(Short descriptive text snippets)
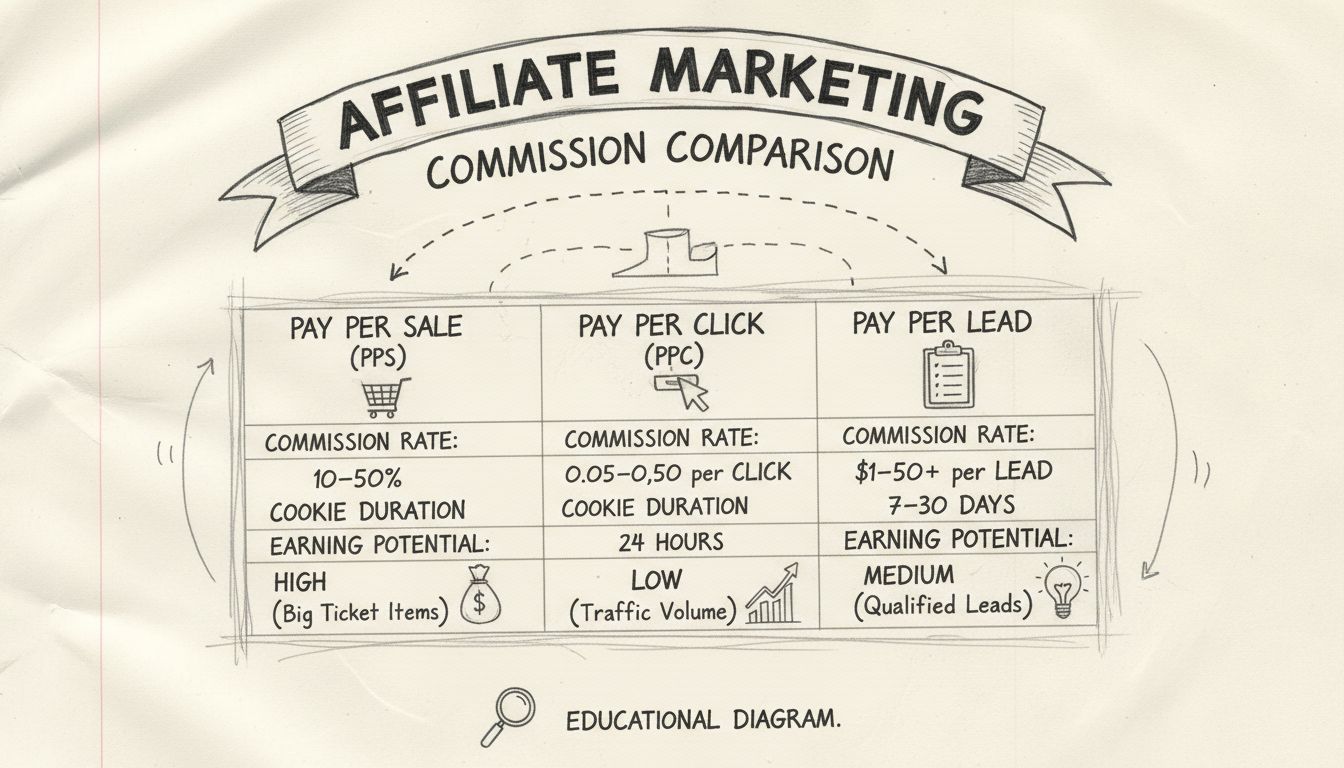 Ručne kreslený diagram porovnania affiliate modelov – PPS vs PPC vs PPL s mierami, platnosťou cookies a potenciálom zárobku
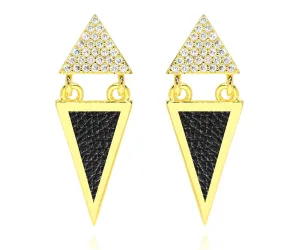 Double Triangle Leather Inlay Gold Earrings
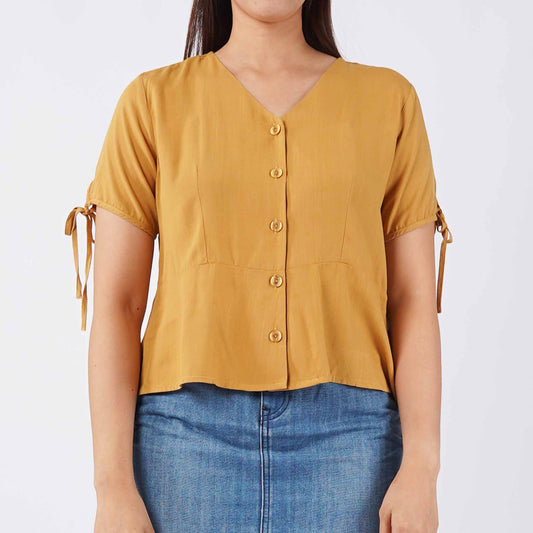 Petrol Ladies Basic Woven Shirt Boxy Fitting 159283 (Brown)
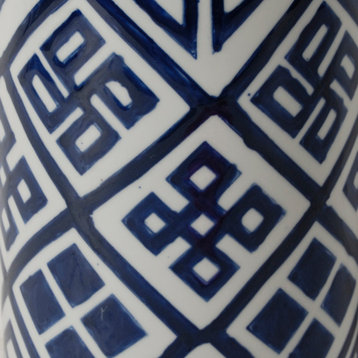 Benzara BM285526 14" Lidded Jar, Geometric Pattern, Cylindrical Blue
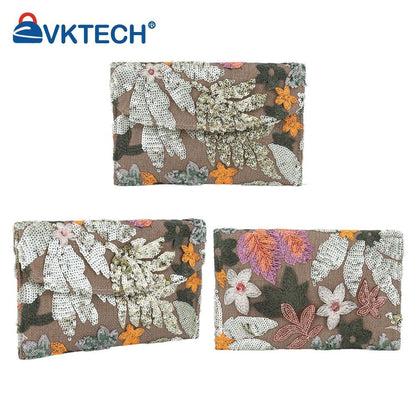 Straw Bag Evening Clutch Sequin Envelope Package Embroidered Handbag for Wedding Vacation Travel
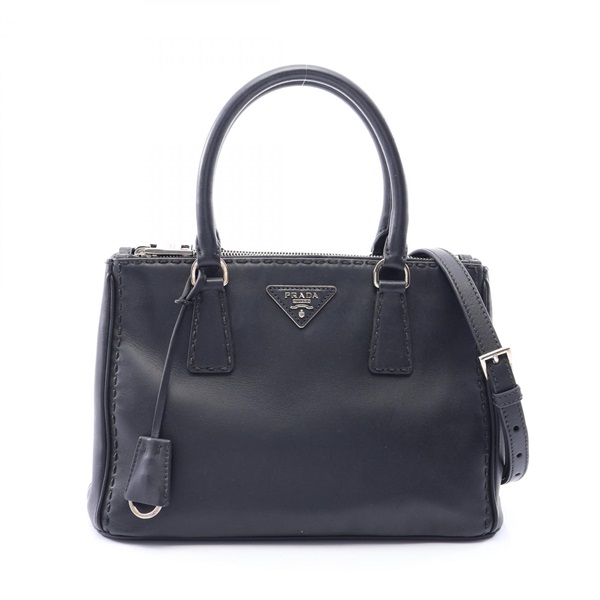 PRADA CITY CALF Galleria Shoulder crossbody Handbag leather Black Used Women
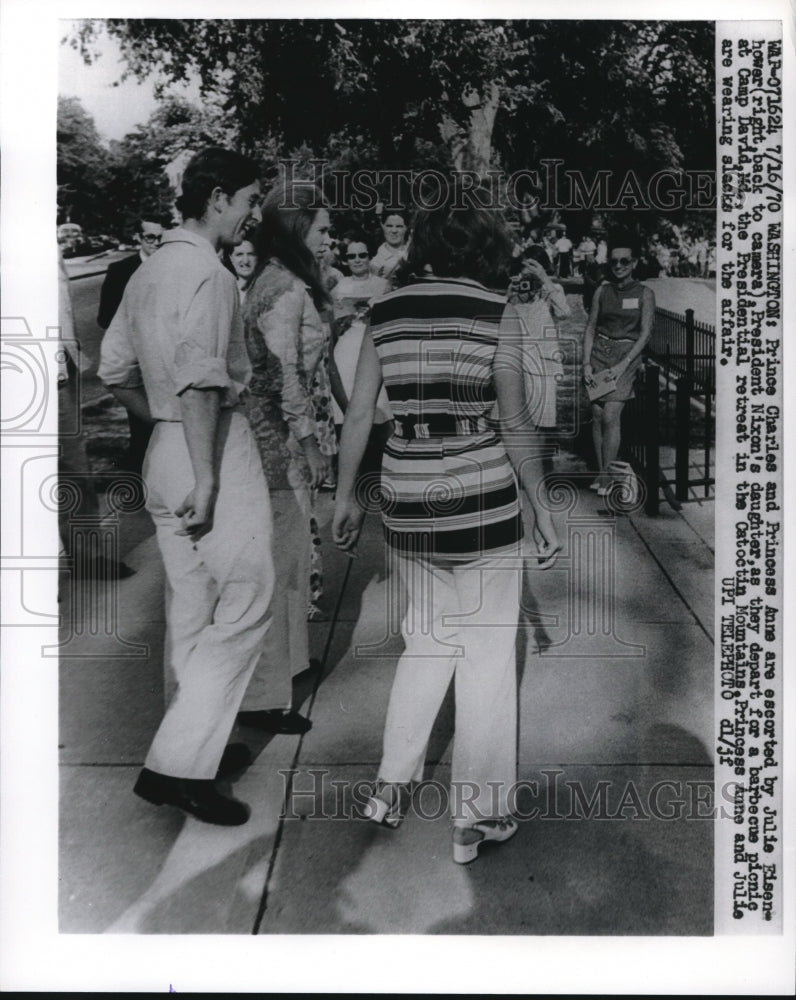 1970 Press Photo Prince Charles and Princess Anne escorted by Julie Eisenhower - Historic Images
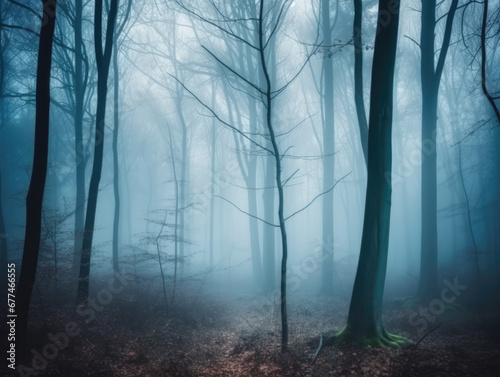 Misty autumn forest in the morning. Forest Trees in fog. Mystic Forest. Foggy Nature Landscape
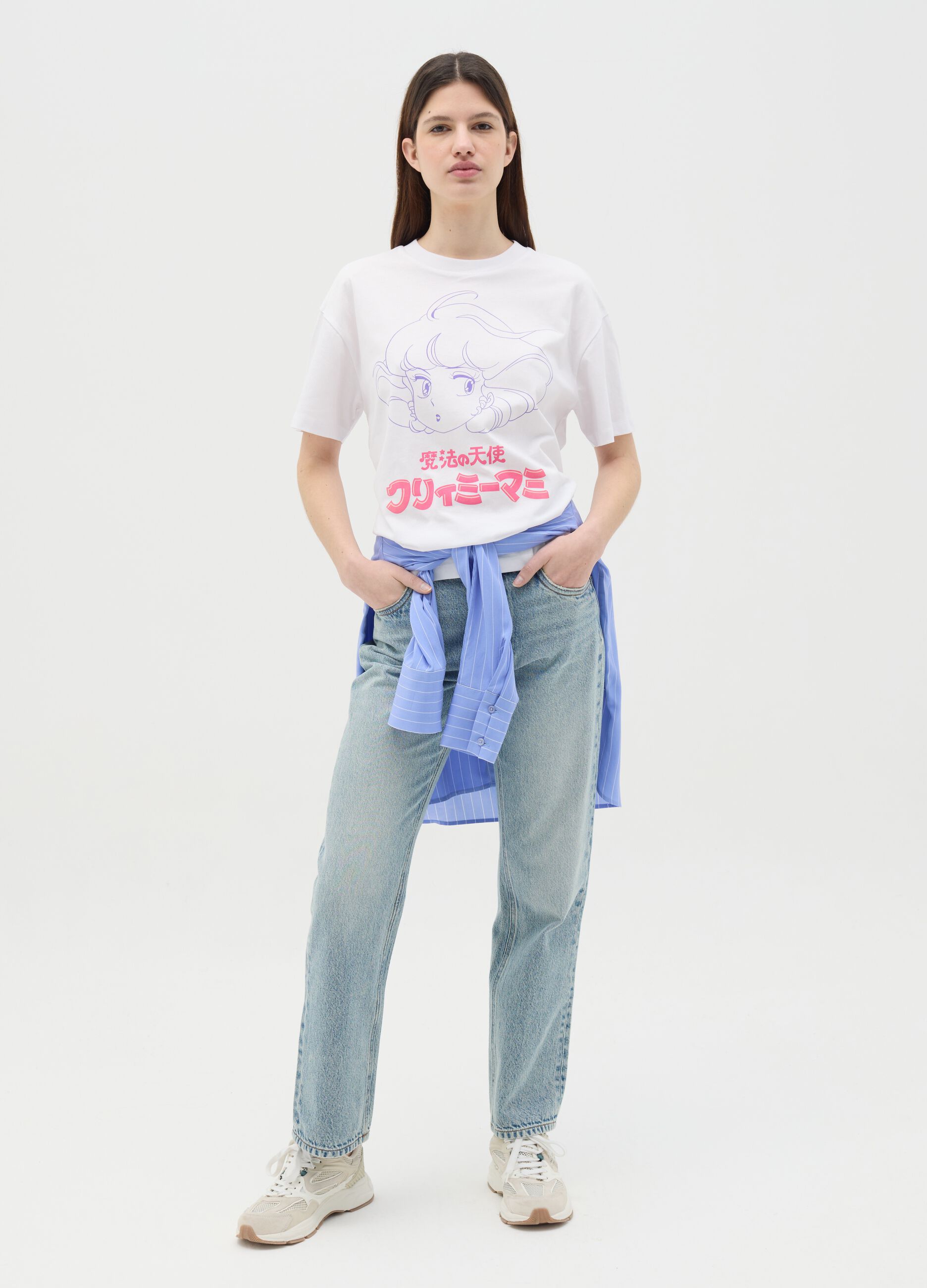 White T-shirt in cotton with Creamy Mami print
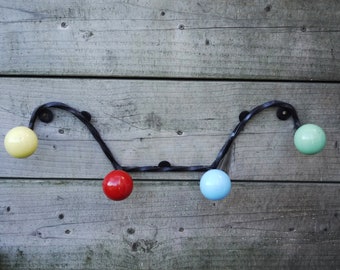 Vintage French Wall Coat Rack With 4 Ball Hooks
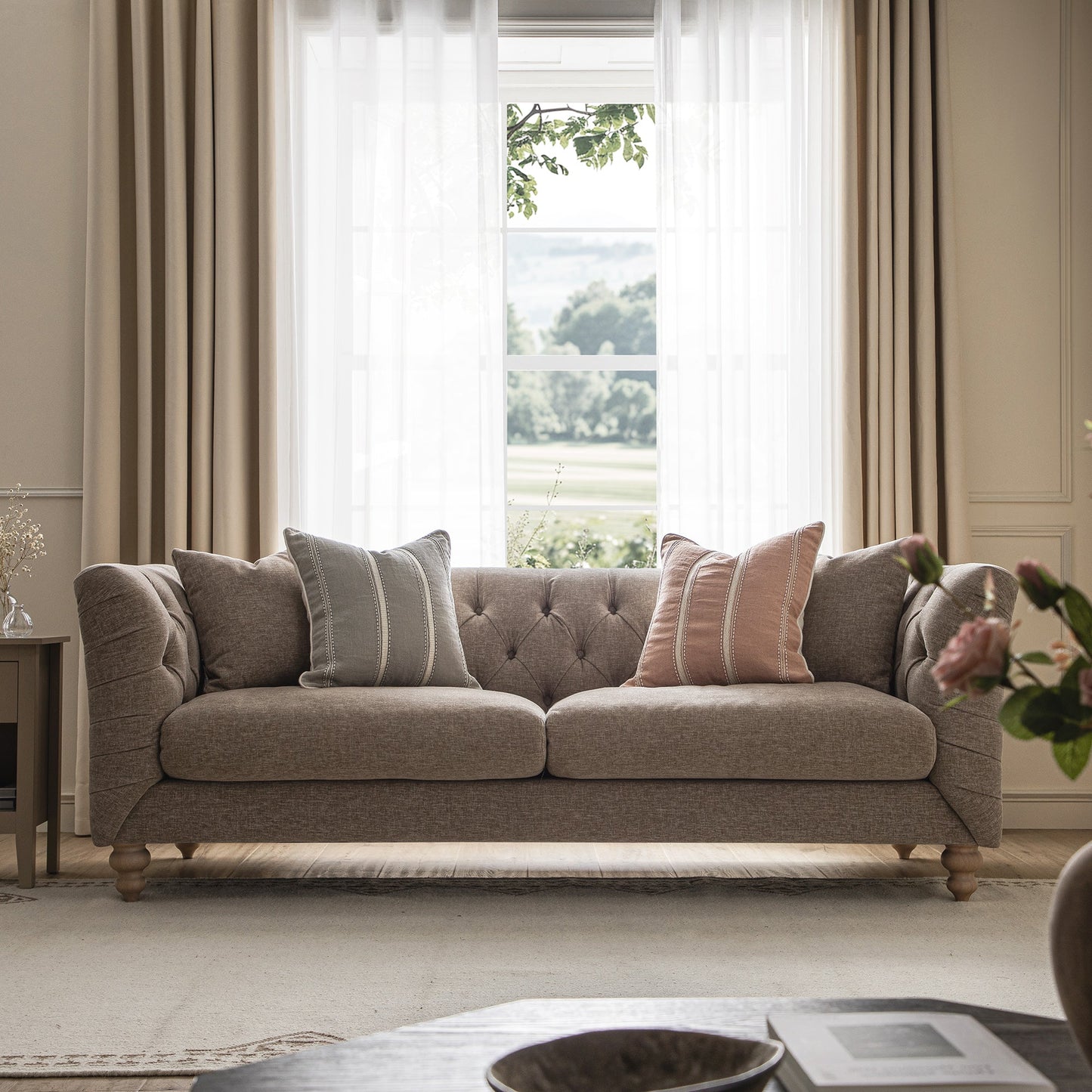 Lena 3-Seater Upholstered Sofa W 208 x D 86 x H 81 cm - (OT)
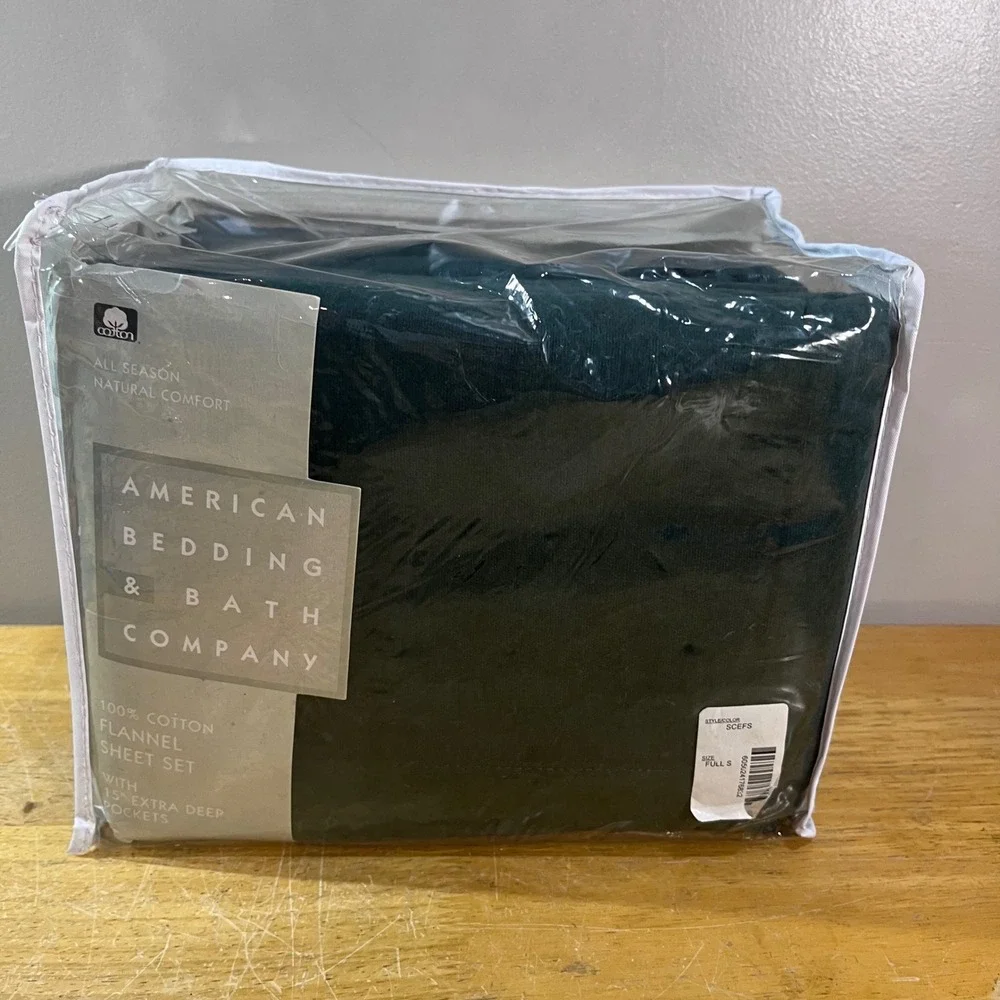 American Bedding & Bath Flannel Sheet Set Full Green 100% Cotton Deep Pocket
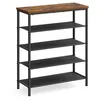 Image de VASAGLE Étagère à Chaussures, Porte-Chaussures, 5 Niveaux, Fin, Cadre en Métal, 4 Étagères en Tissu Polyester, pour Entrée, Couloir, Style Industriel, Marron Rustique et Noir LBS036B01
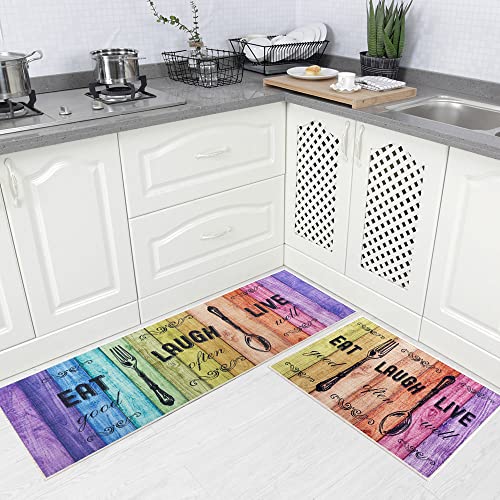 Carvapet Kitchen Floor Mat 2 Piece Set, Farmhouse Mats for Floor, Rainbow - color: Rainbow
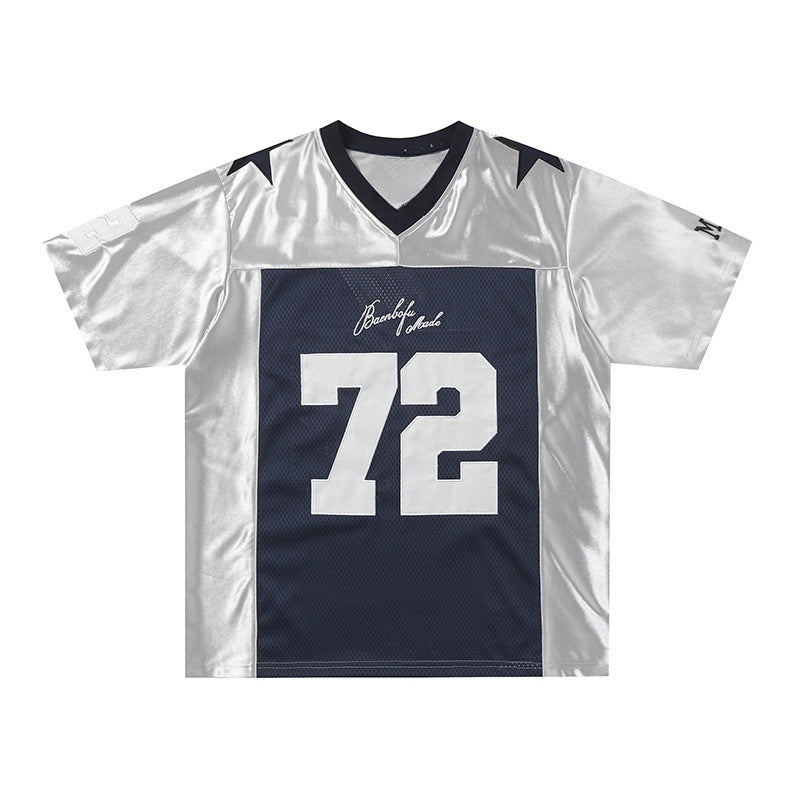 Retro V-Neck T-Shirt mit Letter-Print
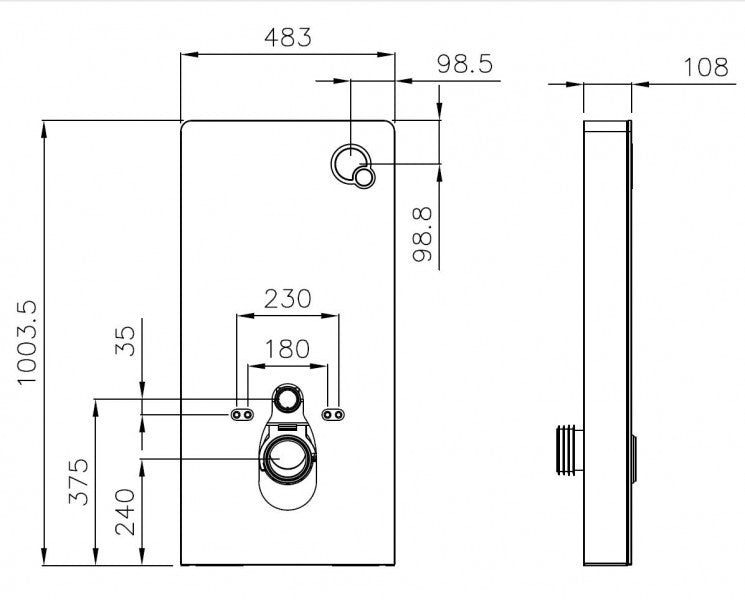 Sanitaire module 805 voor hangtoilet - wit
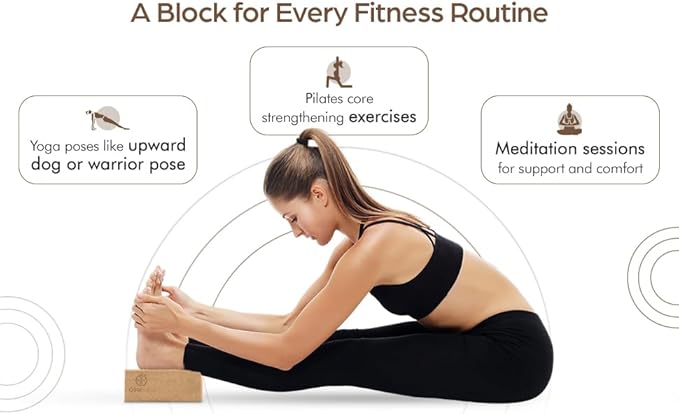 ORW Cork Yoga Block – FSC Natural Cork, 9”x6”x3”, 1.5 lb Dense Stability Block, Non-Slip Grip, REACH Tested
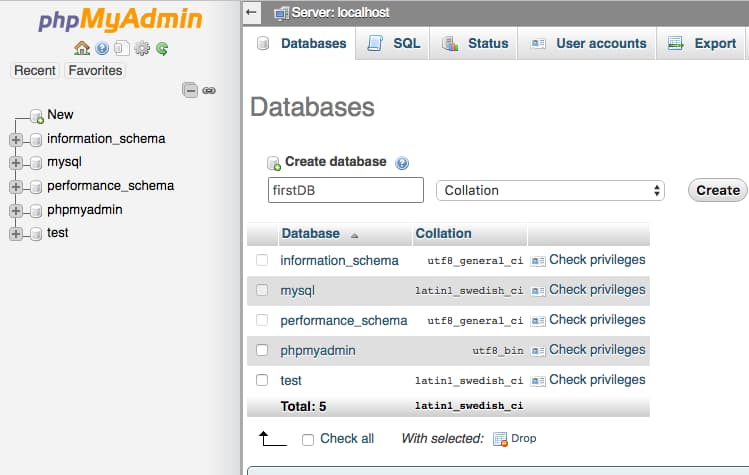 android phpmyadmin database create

*Task to carry out*. From the line containing "Vintage French Wall" to the end of the data above, give those lines again verbatim, with both endpoints included and no images.

*Response below*.
 Vintage French Wall Coat Rack With 4 Ball Hooks
 Lena 3-Seater Upholstered Sofa W 208 x D 86 x H 81 cm - (OT)
 American Bedding & Bath Flannel Sheet Set Full Green 100% Cotton Deep Pocket
 Image de VASAGLE Étagère à Chaussures, Porte-Chaussures, 5 Niveaux, Fin, Cadre en Métal, 4 Étagères en Tissu Polyester, pour Entrée, Couloir, Style Industriel, Marron Rustique et Noir LBS036B01
 Carvapet Kitchen Floor Mat 2 Piece Set, Farmhouse Mats for Floor, Rainbow - color: Rainbow
 Retro V-Neck T-Shirt mit Letter-Print
 Sanitaire module 805 voor hangtoilet - wit
 ORW Cork Yoga Block – FSC Natural Cork, 9”x6”x3”, 1.5 lb Dense Stability Block, Non-Slip Grip, REACH Tested
 android phpmyadmin database create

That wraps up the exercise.